NADLER: Well, I certainly appreciate the sensitivities of some of the families of 9/11. There are others who have expressed support for it. The press has concentrated on those who have opposed it. But frankly, ground zero is hallowed ground. Two blocks away, first of all, is not so hallowed ground. Second of all, we should not -- government officials should not be in a position of pressuring people where to build their mosque or their church or whatever.
Third of all, as much as I respect the sensitivities of people, there is a fundamental mistake behind it, and that is how can you -- and I can quote any number of some of the people who have commented on it, and what they are saying essentially is how can you put a mosque there when, after all, Muslims attacked us on 9/11, and this is ripping open a wound?
Well, the fallacy is that Al Qaida attacked us. Islam did not attack us. Islam, like Christianity, like Judaism, like other religions, has many different people, some of whom regard other adherents of the religion as heretics of one sort or another.
It is only insensitive if you regard Islam as the culprit, as opposed to as the culprit. We were not attacked by all Muslims. And there were Muslims who were killed there, there were Muslims who were killed there. There were Muslims who ran in as first responders to help. And we cannot take any position like that.
NADLER: I am not going to comment on that, because I don't think it's proper for any government official to pressure them in any way. And if I were to say that I think it's a good idea for them to do it, since I am a government official, that would be government pressuring them.

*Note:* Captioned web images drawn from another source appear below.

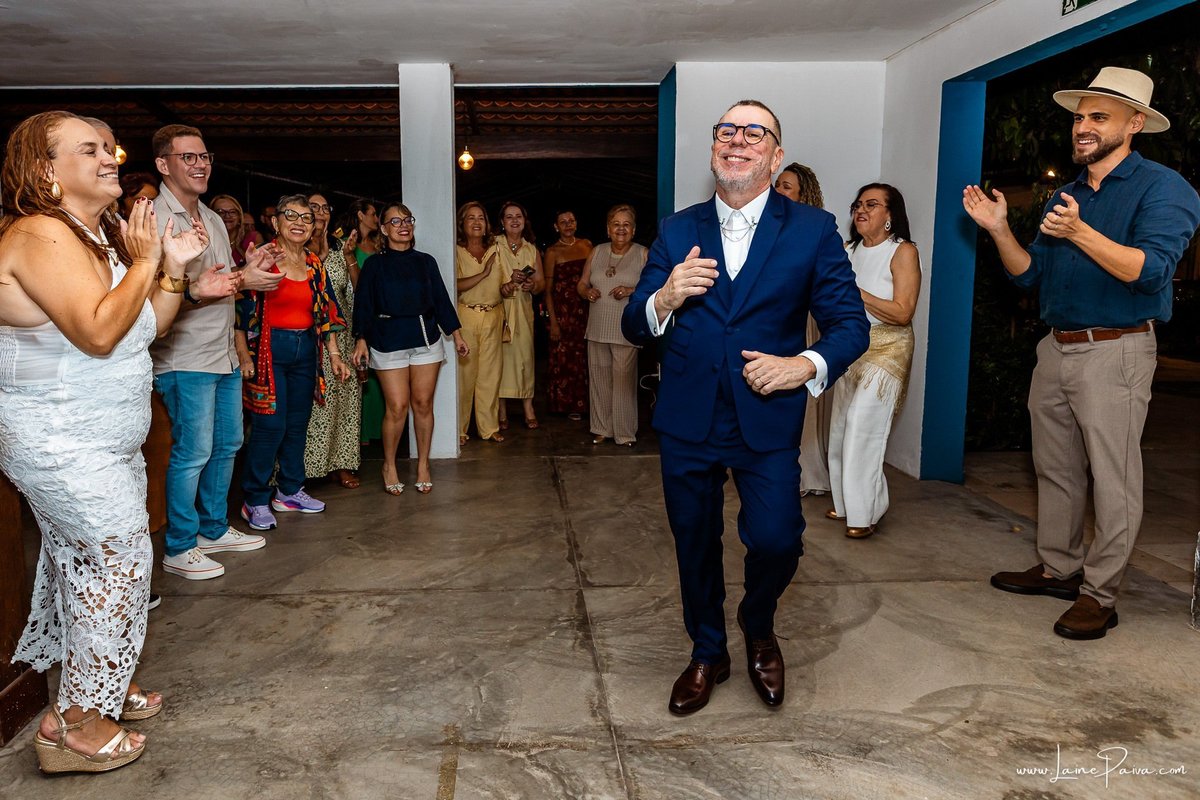 fotografia de Aniversario adulto, festa de 60 anos de Marcelo no Iate Clube em Natal, no fim de tarde com por do sol e a banda de Thiago Novaes, homenagem e muito carinho de familiares e amigos. 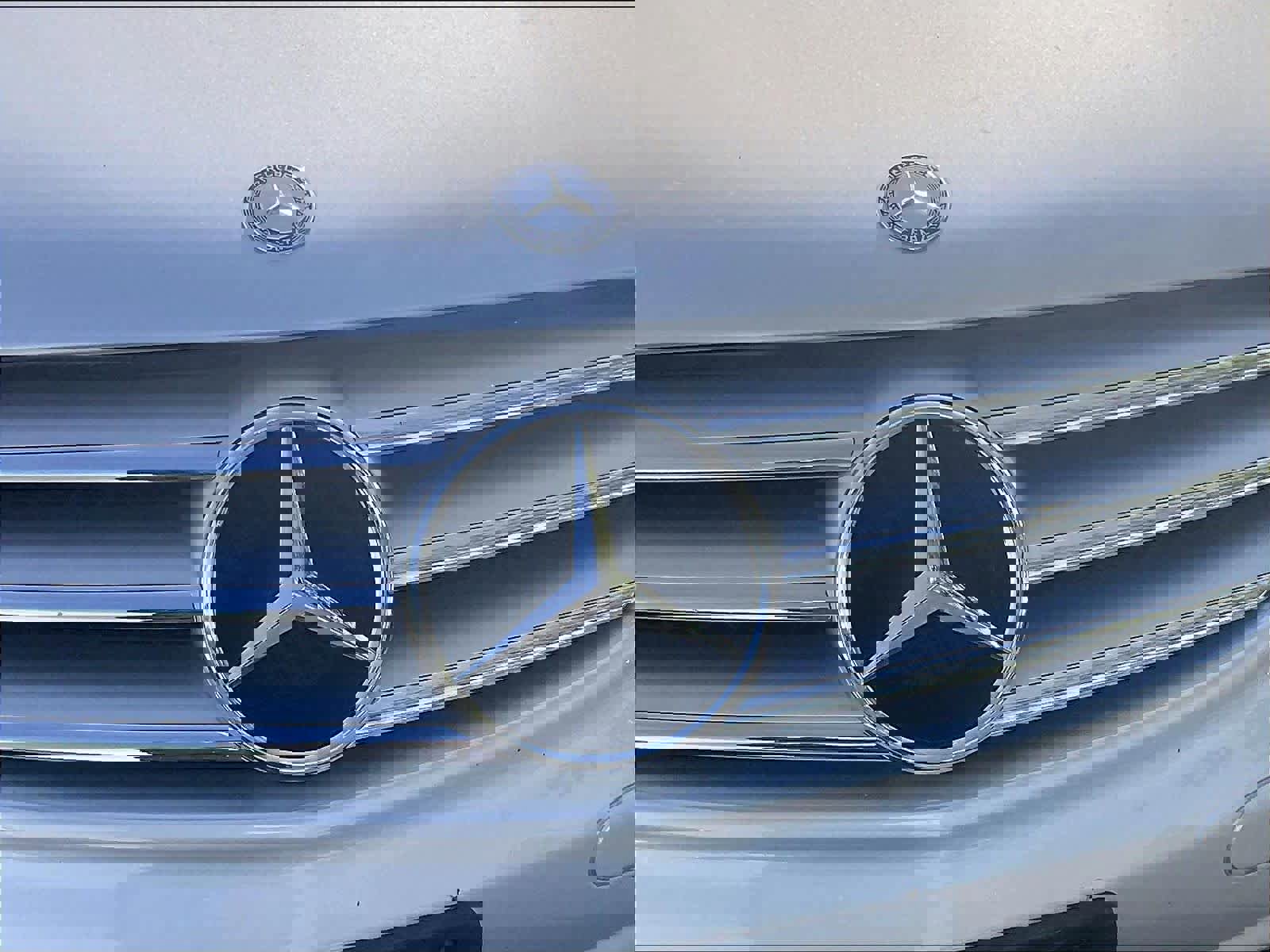 Used 2008 Mercedes-Benz SL 550 image 29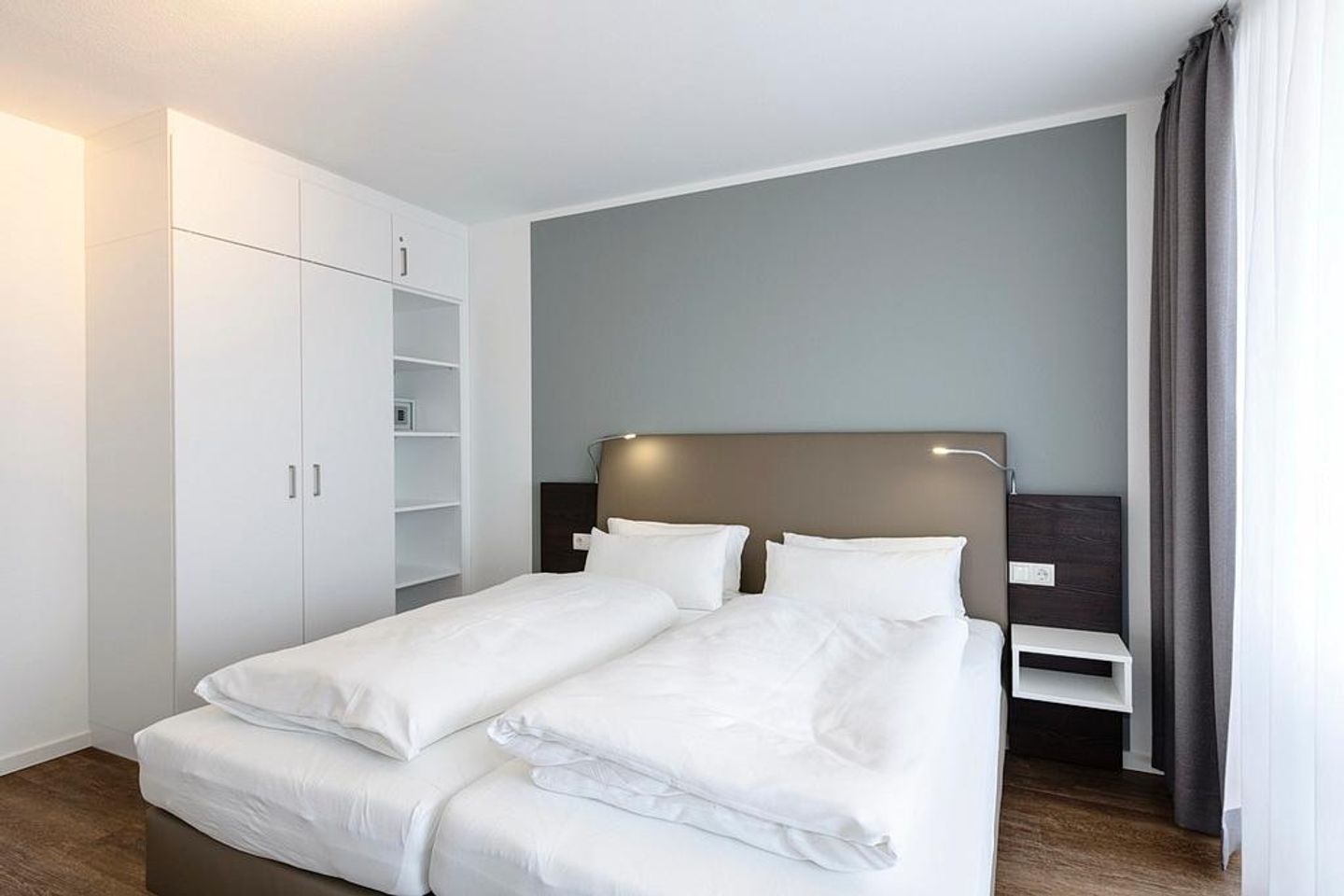 Deichhäuser Anna Küste Deichhäuser Anna Küste 1-34 Bensersiel - Schlafzimmer mit Doppelbett und Kleiderschrank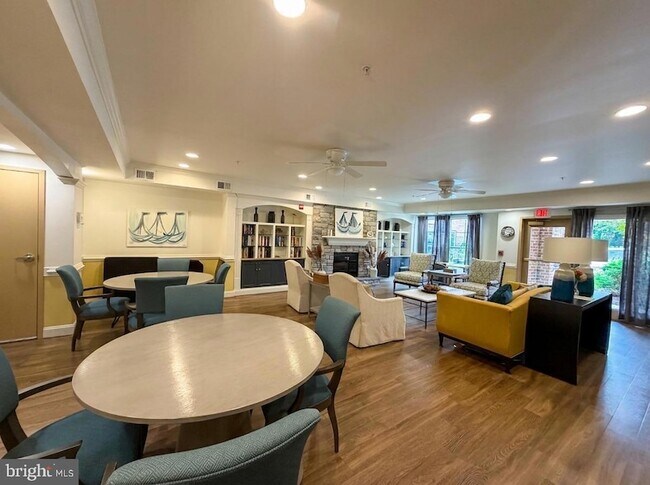 Building Photo - 2905 Saintsbury Plaza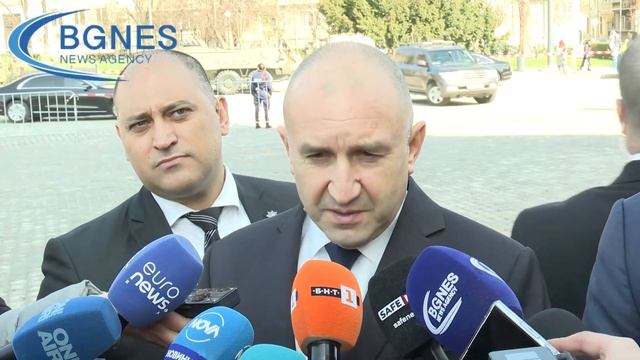 Радев: Няма да забравя думите на патриарх Неофит, че вярата в доброто трябва да ни обединява смотреть онлайн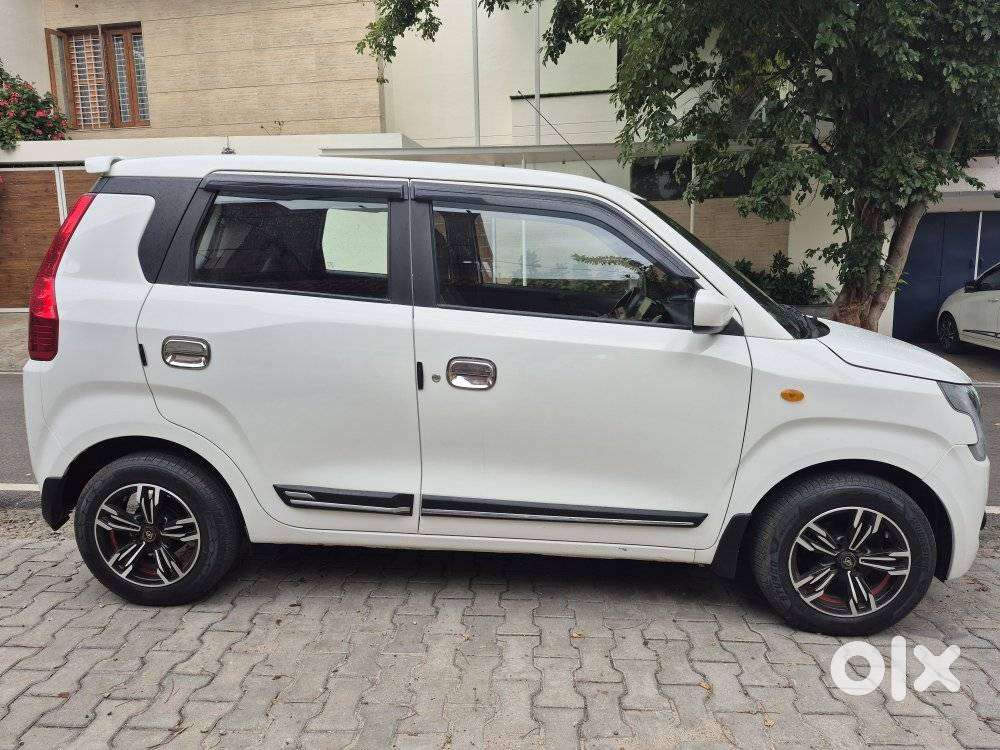 Maruti Suzuki Wagon R Zxi, 2022, Petrol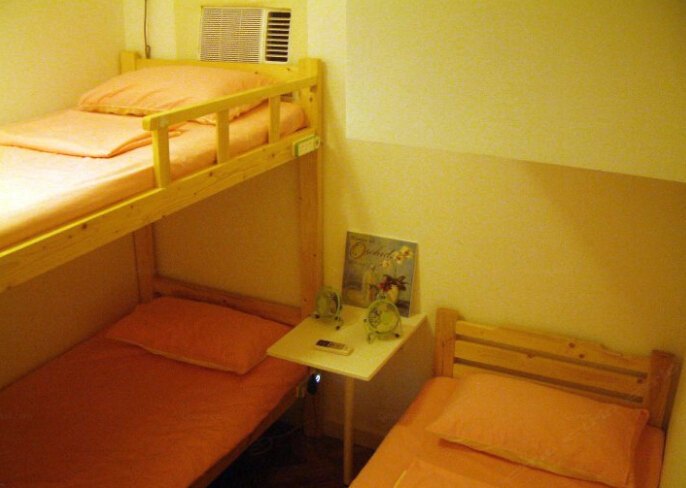 hotelPic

But it's up to them. If they want to do that, they're certainly free to do it.
But I want to point out several things. One, there is a mosque in the Pentagon, which is also hallowed ground. No one objects to that. Second, the people who want to build this facility, which is partially a mosque and partially a community center, have a mosque a few blocks away from there, which no one has objected to.
And thirdly, objecting to this mosque would be as objectionable if you wouldn't object to a church or a synagogue in the same place because that's blaming all Islam and you can't blame an entire religion.
And finally, I would take the sincerity of many of the Republican critics of this, Peter King very much accepted, much more -- I would understand the sincerity much more if they were supporting, as Peter is, but very few other Republicans are, the bill to give health care coverage to the 9/11 heroes and responders which all but 12 Republicans voted against in the House last week.
NADLER: Well, I did not say they were playing politics. I said I would respect their sincerity more.
But we do not put the Bill of Rights, we do not put the religious freedom to a vote. The reason we have a Bill of Rights is that you have your religious rights, your right to freedom of speech for the press et cetera, whether majorities like you or not, frankly.
I hope that people will understand that government has no role in this. Peter has now said this. Many of the people who have been saying this -- who have been on the other side have not been willing to say that. Peter has, I appreciate that.
As to whether the imam wants to have the mosque somewhere else, that's up to them, and government should not pressure them one way or the other.